New and established writers contribute to online literary magazine launched by Ball State professors

Topic: College of Sciences and Humanities

May 8, 2008

"The best new fiction on the Web. Or anywhere else, for that matter."

With that bold assertation, Ball State English professors Andrew Scott and Victoria Barrett have ventured into the precarious world of Web publishing with the spring launch of their online literary magazine, Freight Stories.

The debut issue features the work of 11 authors. Many are new writers but several, such as Toronto-based author Mary Swan, are nationally recognized. Barrett said Swan, winner of the 2001 O. Henry Award for short fiction, was a "big get" for the magazine.

"I have adored her forever, and as far as I know, this is the first time she's allowed her work to be published in an online publication," Barrett said.

If preliminary interest in the magazine is any indication - writers as well-known as Pulitzer-Prize-winning author Richard Russo have perused its contents - then Scott and Barrett may achieve what many other literary journals have failed to do before them: Attain name recognition and a list of subscribers beyond the small circle of writers, students and editors traditionally comprising a literary magazine's audience.

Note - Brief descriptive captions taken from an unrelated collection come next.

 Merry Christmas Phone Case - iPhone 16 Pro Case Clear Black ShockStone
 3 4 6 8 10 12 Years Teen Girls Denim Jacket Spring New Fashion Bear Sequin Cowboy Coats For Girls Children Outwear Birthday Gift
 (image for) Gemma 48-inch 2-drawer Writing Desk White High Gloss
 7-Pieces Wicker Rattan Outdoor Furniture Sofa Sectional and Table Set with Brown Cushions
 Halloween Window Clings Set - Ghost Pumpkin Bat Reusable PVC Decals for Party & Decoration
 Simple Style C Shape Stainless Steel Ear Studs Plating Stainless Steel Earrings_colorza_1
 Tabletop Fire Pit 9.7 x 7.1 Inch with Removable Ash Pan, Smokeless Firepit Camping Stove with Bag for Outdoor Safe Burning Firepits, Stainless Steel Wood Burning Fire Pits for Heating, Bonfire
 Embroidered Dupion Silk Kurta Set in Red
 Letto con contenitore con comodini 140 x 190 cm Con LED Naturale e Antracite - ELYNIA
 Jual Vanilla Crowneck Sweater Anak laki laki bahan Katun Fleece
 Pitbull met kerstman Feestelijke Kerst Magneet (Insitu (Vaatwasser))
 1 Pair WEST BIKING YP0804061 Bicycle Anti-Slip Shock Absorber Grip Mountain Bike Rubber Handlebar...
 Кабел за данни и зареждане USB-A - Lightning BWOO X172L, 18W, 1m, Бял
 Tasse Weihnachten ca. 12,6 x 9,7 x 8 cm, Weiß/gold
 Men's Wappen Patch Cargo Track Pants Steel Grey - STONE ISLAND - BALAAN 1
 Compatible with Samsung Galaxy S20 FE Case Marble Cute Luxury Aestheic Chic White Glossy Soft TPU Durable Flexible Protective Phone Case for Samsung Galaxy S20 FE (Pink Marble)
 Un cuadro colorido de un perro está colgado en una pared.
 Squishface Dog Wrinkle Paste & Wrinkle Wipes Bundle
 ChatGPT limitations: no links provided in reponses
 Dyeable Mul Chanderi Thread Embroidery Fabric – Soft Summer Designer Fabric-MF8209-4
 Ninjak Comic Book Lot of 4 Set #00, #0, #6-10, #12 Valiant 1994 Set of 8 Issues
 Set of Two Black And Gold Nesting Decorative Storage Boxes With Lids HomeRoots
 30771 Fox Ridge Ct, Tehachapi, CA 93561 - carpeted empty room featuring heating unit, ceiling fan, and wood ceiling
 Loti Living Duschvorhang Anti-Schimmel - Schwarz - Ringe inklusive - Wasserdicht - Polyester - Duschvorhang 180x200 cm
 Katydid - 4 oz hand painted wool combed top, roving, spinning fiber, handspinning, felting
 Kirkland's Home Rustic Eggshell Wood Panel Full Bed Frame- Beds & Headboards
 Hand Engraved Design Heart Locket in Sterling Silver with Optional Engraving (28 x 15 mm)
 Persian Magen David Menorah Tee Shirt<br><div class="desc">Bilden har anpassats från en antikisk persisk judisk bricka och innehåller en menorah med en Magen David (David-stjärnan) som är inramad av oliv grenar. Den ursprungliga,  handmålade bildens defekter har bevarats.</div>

"The readership of most print literary journals is about 1,000 copies," Scott said. "We've already had more Web site visits than that, and for a fledgling effort, we're beginning to prove ourselves. We're excited about the possibilities ahead."

Scott and Barrett say what helped them in launching Freight Stories was their previous work in literary publishing. Married in 2005, Scott and Barrett earned their master of fine arts degrees from New Mexico State University. While studying there, both worked for Puerto del Sol, the university's well-established literary journal that, for more than 40 years, has published works from now-established writers including David Foster Wallace and Kent Haruf.

Barrett said Freight Stories will be a quarterly publication with future issues to be released in June, September and December. "We're accepting submissions for future issues right now," Scott said.

The publication can be read online but also printed as a PDF in a layout similar to a printed magazine. Both Barrett and Scott are published authors, and Barrett said their aim in creating Freight Stories was twofold.

"I've had the benefit of being published," she explained, "and feel an obligation to help bring other writers' good work into the world. As a teacher, I feel it's important to share what I know about writing with as many students as possible."